Though the show would no doubt be marked by excitement, a strange calm seemed to settle over the scene in the afternoon. Models lounged about with their hair would in miniature curls, pinned tightly in spiral shapes to their skulls. The male models gathered on the floor and engaged each other in idle conversation, the sounds of their words punctuated by hissing bursts from aerosol cans that were emanating from somewhere in the background.

I was there with my friend Lucy Garcia – a host on “Estudio Dos” - a Spanish music and variety show. On this particular day she was swapping hosting duties for modeling duties. Like many of the other models selected to don the clothes of Filipino designer David Tupaz, Lucy - with her rich olive-toned skin and dark and sultry eyes - exhibited an ethnic beauty. Among her compatriots was one young lady from the Ukraine, several African American and Latino models, and a handful with Mediterranean and Pacific Islander backgrounds.

The show went off splendidly - the models each doing justice to the exquisite creations of David Tupaz. The roster of celebrity guests in attendance was as multicultural as the roster of models. After the show I was delighted to find myself rubbing elbows with the likes of Jennifer Paz – a notable Broadway actress of Filipino descent who rose to stardom playing one of the female leads in “Miss Saigon” years ago – and Bai Ling – Chinese bombshell and Playboy bunny.

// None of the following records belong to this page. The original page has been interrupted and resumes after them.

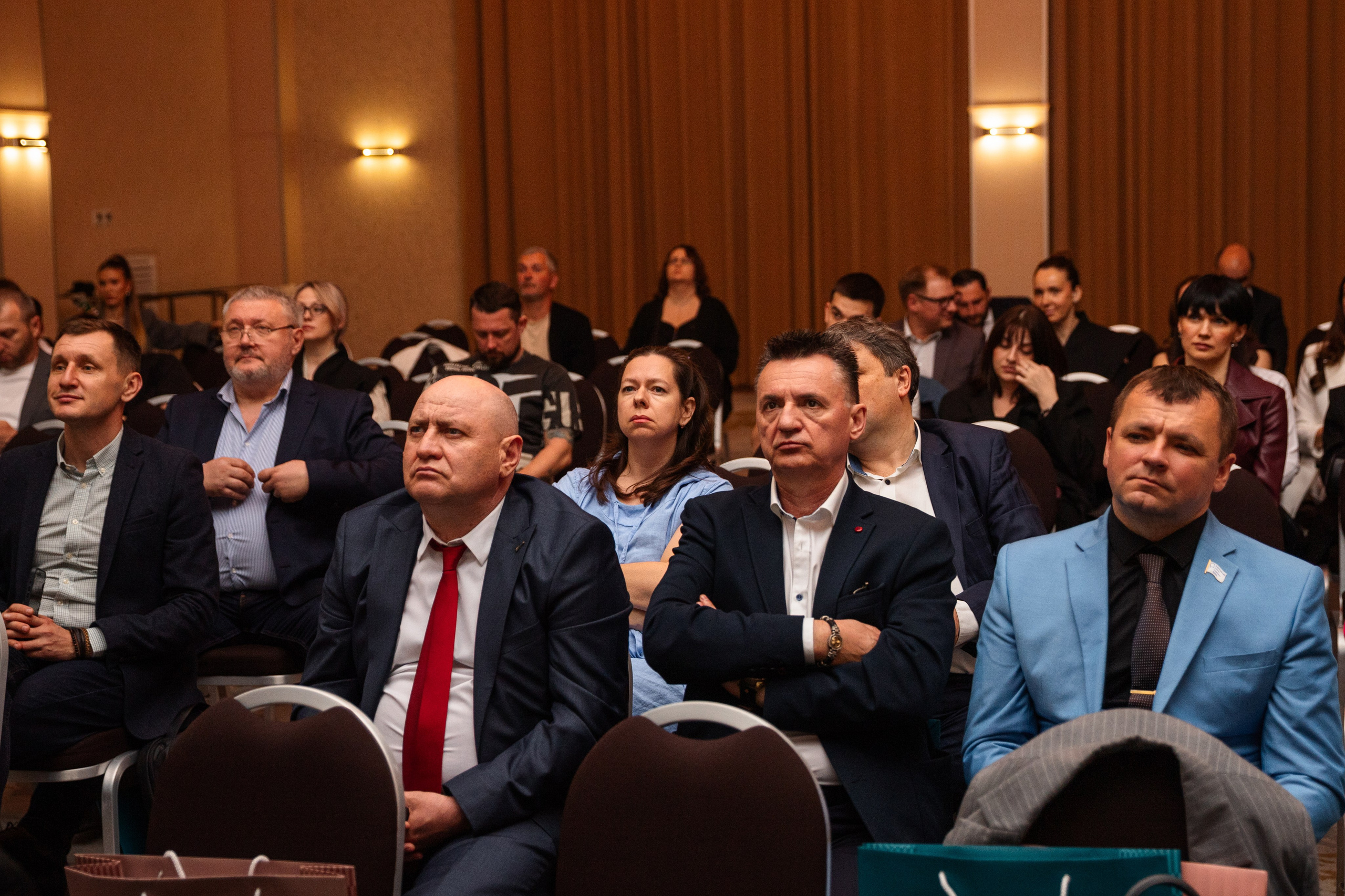 Конференция АВАНТИ. Фотограф Краснодар Настя Зокс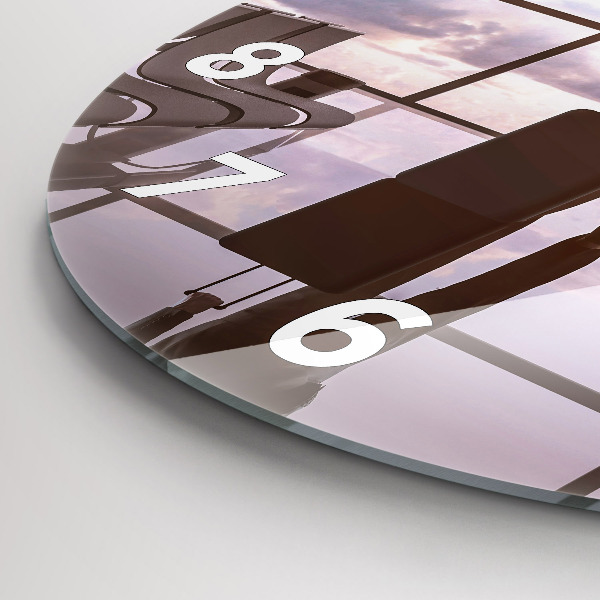 Okrúhle hodiny Muž na letisku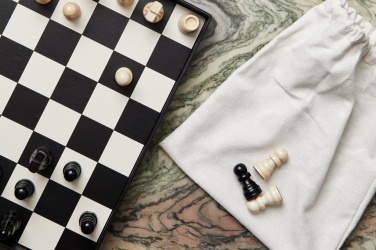 Logo trade ärikingi pilt: VINGA Chess kohvilauamäng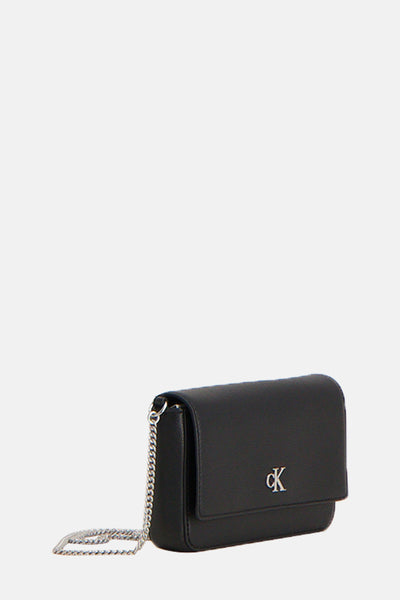 Zwarte schoudertas van Calvin Klein met een zilverkleurige kettingriem en CK-logo op de flap.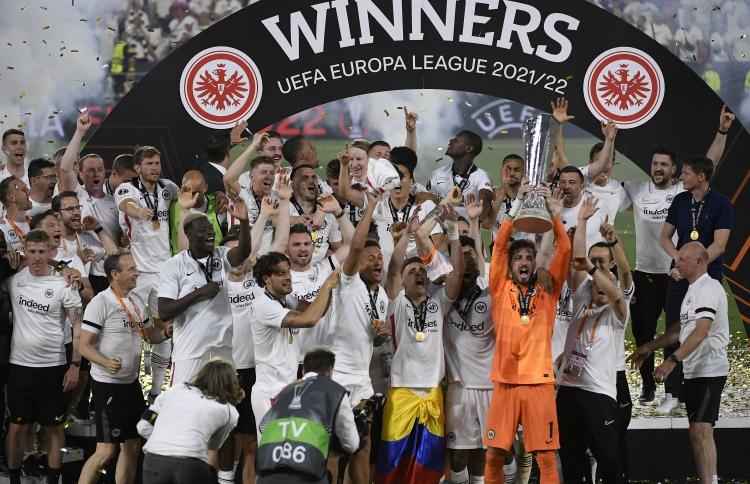 42 އަހަރު ފަހުން ފްރެންކްފާޓަށް ޔޫރަޕުގެ ތައްޓެއް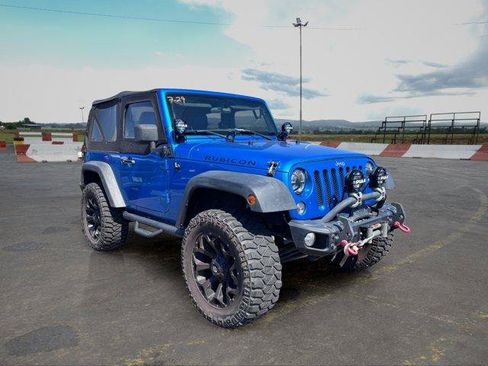 Used 2016 Jeep Wrangler Rubicon w/ Connectivity Group AWD/4WD image 2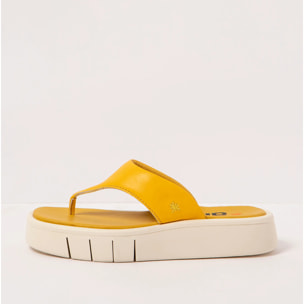 Sandalias 1852 NAPPA YELLOW/ MALAGA color Yellow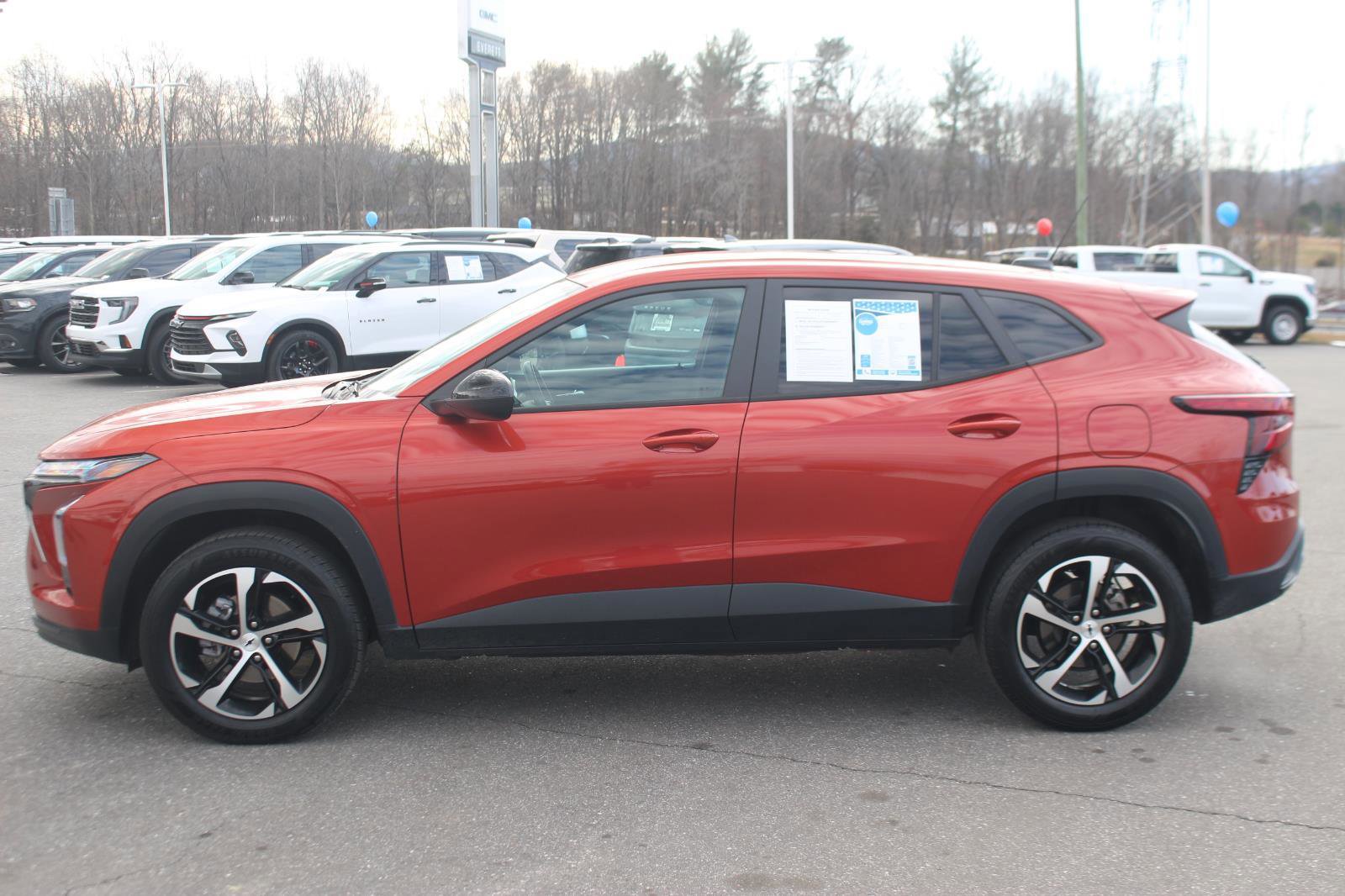 Used 2024 Chevrolet Trax RS w/ Driver Confidence Package image 4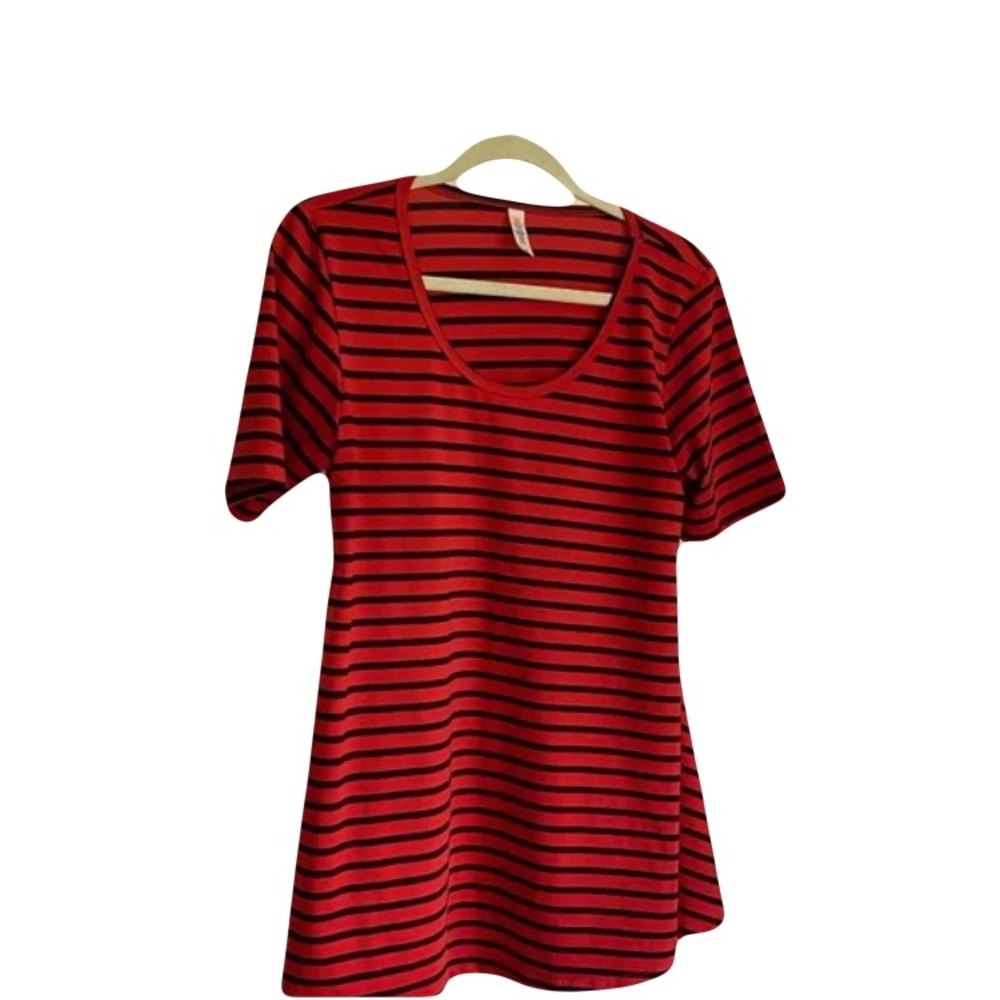 LuLaRoe Red and Black Short Sleeve T-Shirt Relaxed Fit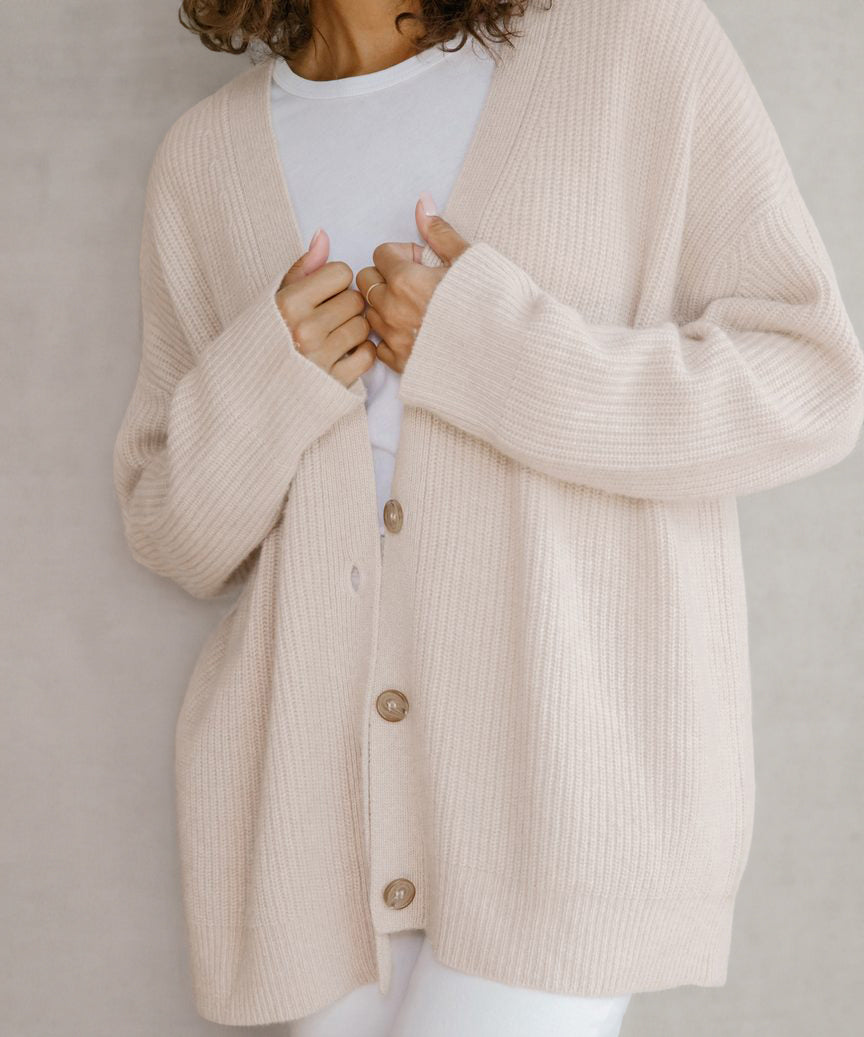 Women's Oversized Button-Up Cardigan in Cozy Ribbed Knit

If the movie Zoolander has entered anything into the sphere of public knowledge, it is that any and every occasion in the fashion world is followed up with an after-party. The after-party for the Tupaz show took place in a packed hotel suite and was catered, to my surprise, with Filipino fare. I helped myself to skewers of barbequed meats, fluffy pan de sal, and sticky-sweet ensaymada (the models, of course, did not). In the afterglow of the show, I soaked up the atmosphere and reflected on my experience in a strange land in to which I was only a visitor, and one that was unnaturally common at that. If I clicked together the heels of my gaudy Payless shoes, would I be transported home?

Whereas I was impressed by it, the internationality of the whole affair seemed lost on everyone else, and appropriately so. At the end of the day, I was left with the overwhelming impression that in the world of high-fashion, to care too much about differences in ethnicity represented extremely bad form.

Ultimately, I could not decide whether the “colorblindness” of this world was a thing to be marveled at or lamented. Was ethnicity to be celebrated here only to the extent that it could lend distinctive beauty to one’s appearance? And if so, was the culture that lay behind a strikingly ethnic face being eclipsed so that the surface could shine more brightly?

No, I haven't seen Lucy Garcia in years. However, I am able to add one tidbit of information for those who are dying to know everything about Lucy. Lucy has flown an airplane. Ask her about it.